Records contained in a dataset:
--
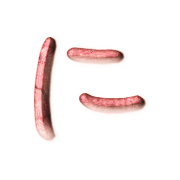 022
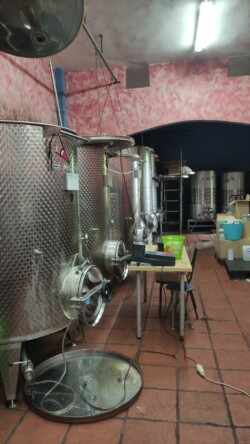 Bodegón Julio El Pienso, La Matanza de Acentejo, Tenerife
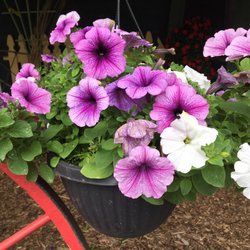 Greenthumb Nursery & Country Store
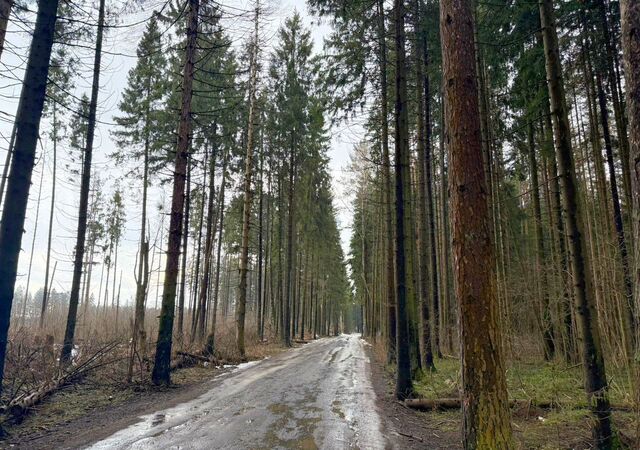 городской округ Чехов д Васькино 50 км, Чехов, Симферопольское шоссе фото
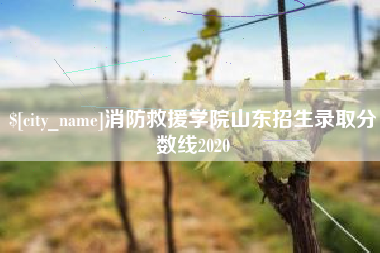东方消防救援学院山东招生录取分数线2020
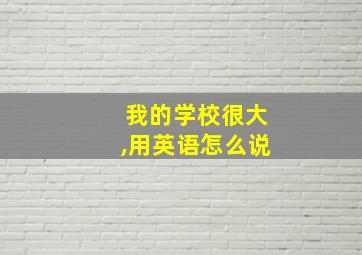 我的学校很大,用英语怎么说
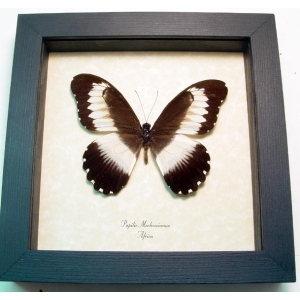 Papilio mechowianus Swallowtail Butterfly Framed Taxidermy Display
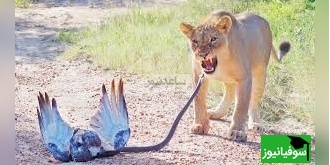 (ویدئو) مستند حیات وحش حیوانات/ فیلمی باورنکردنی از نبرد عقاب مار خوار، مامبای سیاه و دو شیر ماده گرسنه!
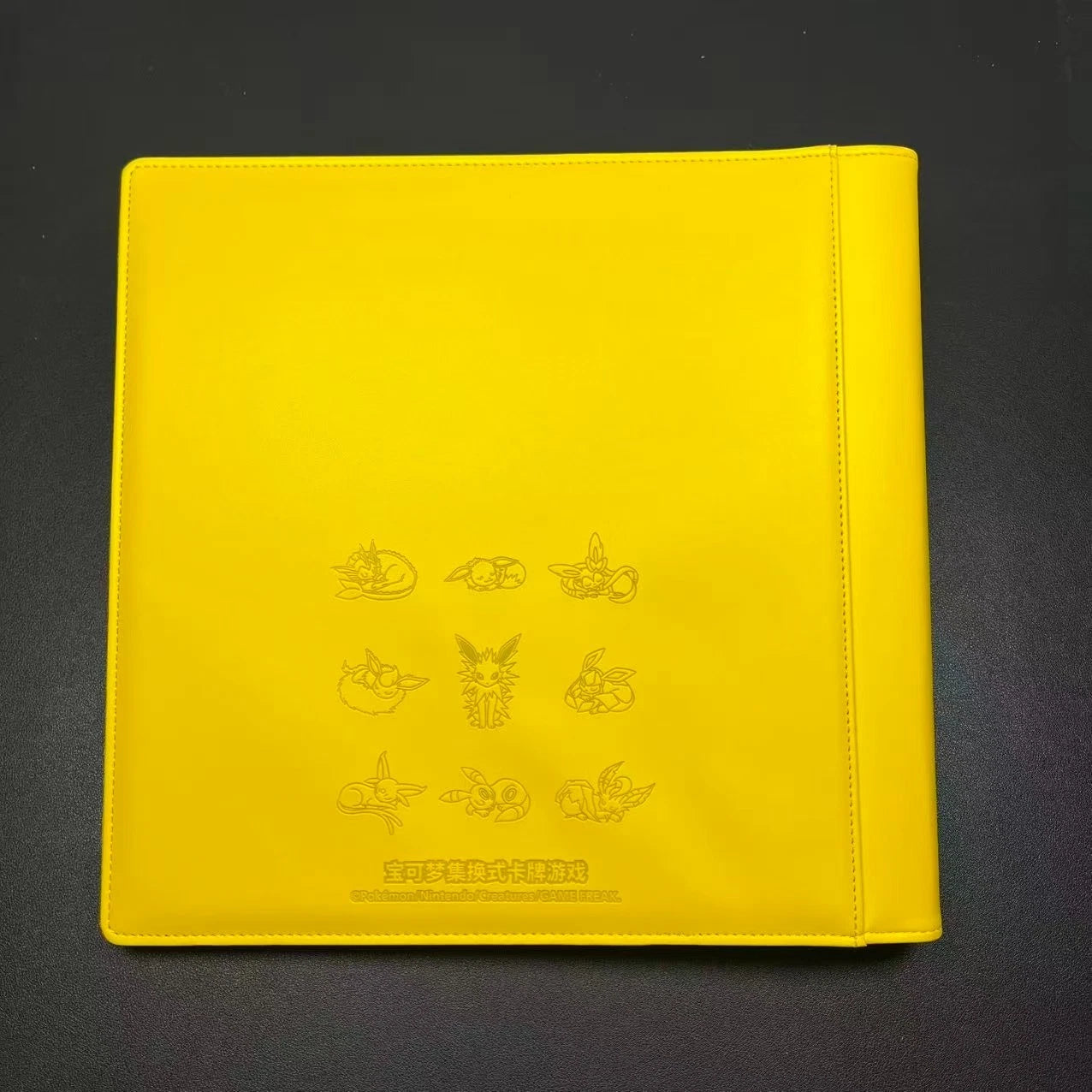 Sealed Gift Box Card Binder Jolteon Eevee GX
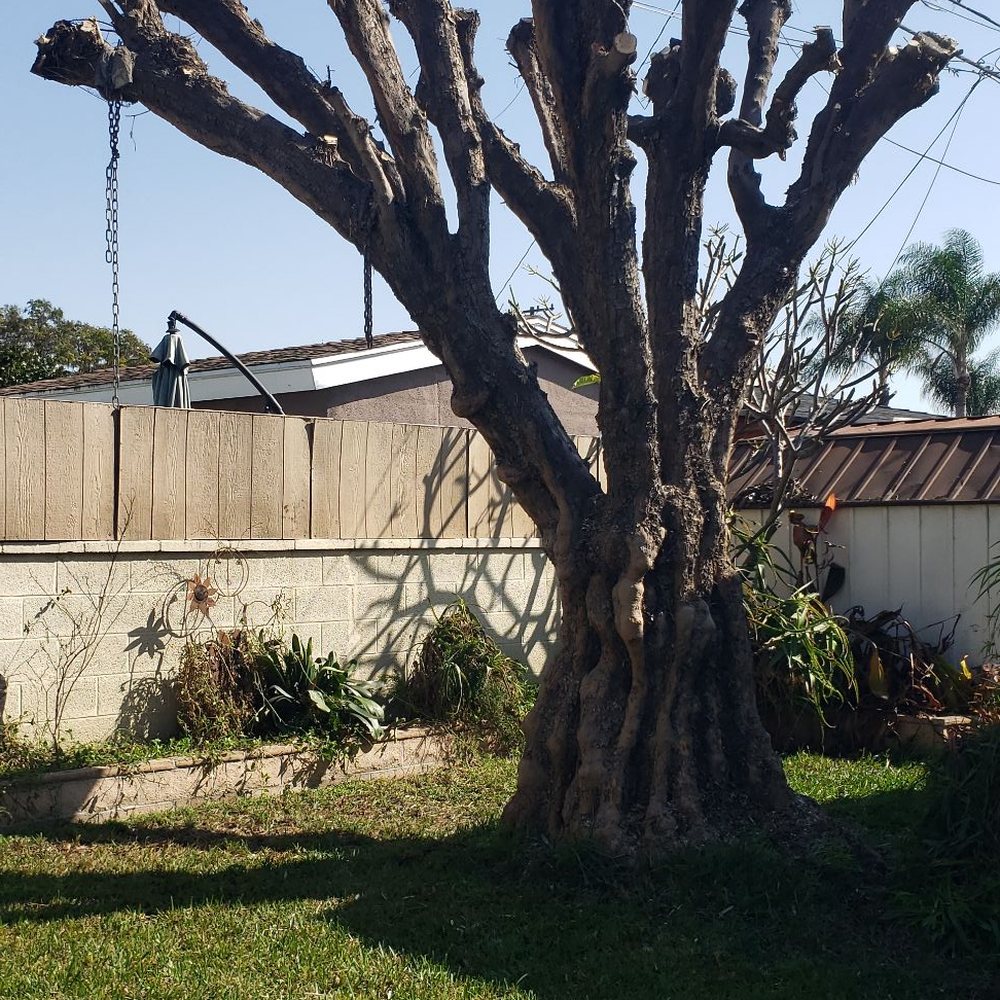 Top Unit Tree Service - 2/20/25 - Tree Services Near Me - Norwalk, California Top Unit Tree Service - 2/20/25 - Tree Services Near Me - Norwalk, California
--
**Exercise description**. A faithful copy is needed of the lines from the one containing "Sealed Gift Box Card Binder Jolteon Eevee GX" through the last line of the data above, with pictures left out.

**Result of the task**.
 Sealed Gift Box Card Binder Jolteon Eevee GX
 Top Unit Tree Service - 2/20/25 - Tree Services Near Me - Norwalk, California Top Unit Tree Service - 2/20/25 - Tree Services Near Me - Norwalk, California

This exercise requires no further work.